Their first kiss is innocent in its violence. It lasts mere moments, time that no longer feels sufficient, a moment that gets washed away by Bruce’s grief. He loses a child and seems determined to lose everyone else along with him.
They learn to trust each other again, their interactions hazy and so thick that Bruce thinks he’ll choke on it. He can see the pain in Hal’s eyes, pain that he can feel splitting his own heart in two when Hal goes down a path he can’t follow. Bruce has never really believed in evil, but when Parallax stands before him he can’t help but see the devil.

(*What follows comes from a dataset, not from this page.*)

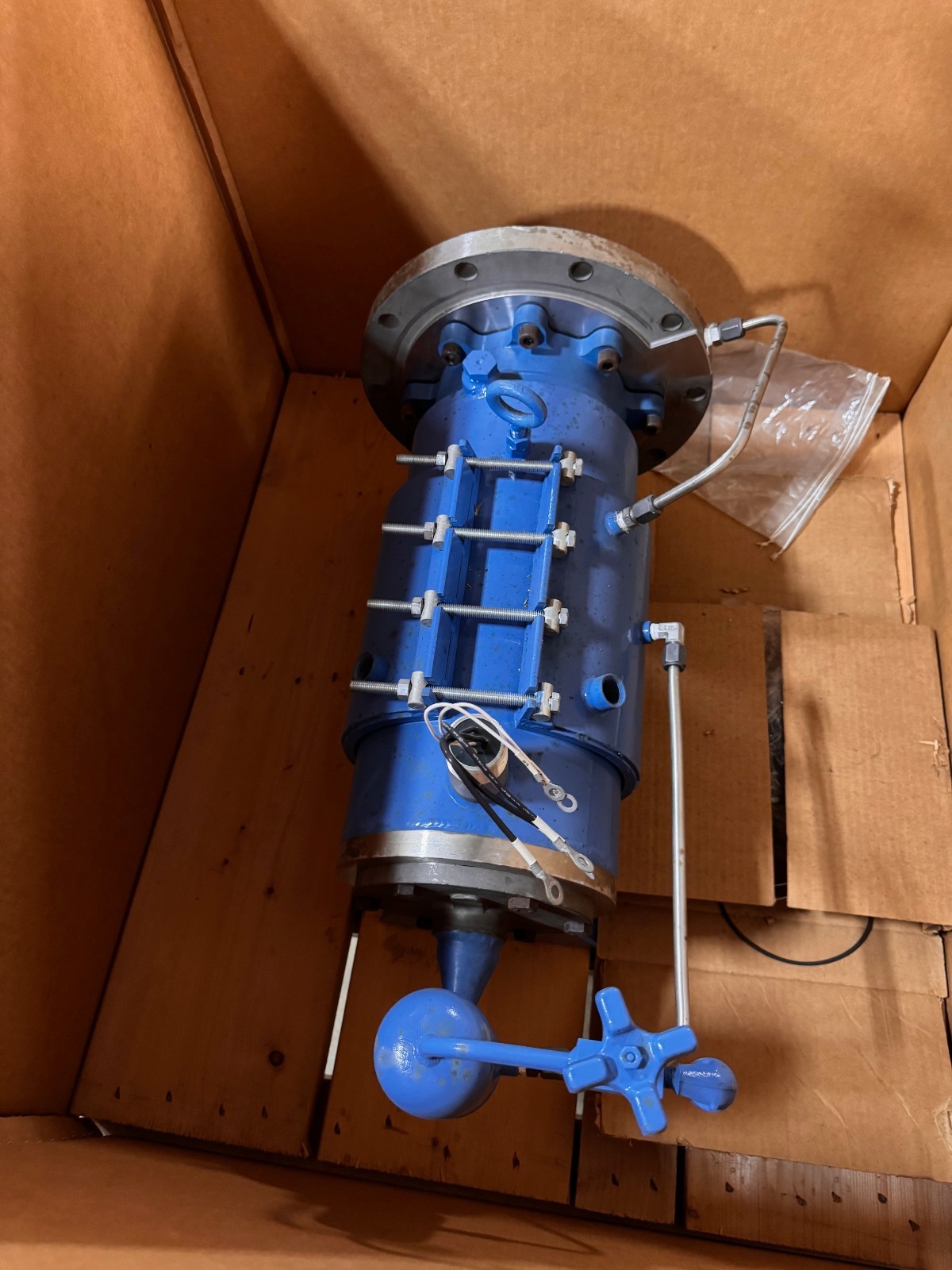CRANE CHEMPUMP SEALESS PUMP 34 HP MODEL NCT-N4-16 2XI 460 V 44 AMPS 3 PH 3450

Their second first kiss is horrifying and wonderful and Hal is alive. He’s holding Bruce’s face in his palms, alive. The pain lingers and his eyes are darker and Hal is alive. The current fades, for a while. Their hands are steady, bodies in sync.
This time, when it’s Hal’s turn to look into the eyes of the devil-who-is-familiar, the pain that grips him is no longer pain. It’s an agony he exists in, an agony that is barely eased by the knowledge that Bruce is alive, somewhere. Love and hope are brief respites from the storm that has swallowed Hal.
Bruce’s body has been overworked for 40 years and the Lantern Corps have been reformed countless times before they have their last first kiss. The breeze is gentle at Wayne Manor, the noise subtle. Right here, on the roof of the manor, where the sun is softened by the clouds and Hal is safe in Bruce’s arms, where kissing Hal feels like home, Bruce no longer fears the devil.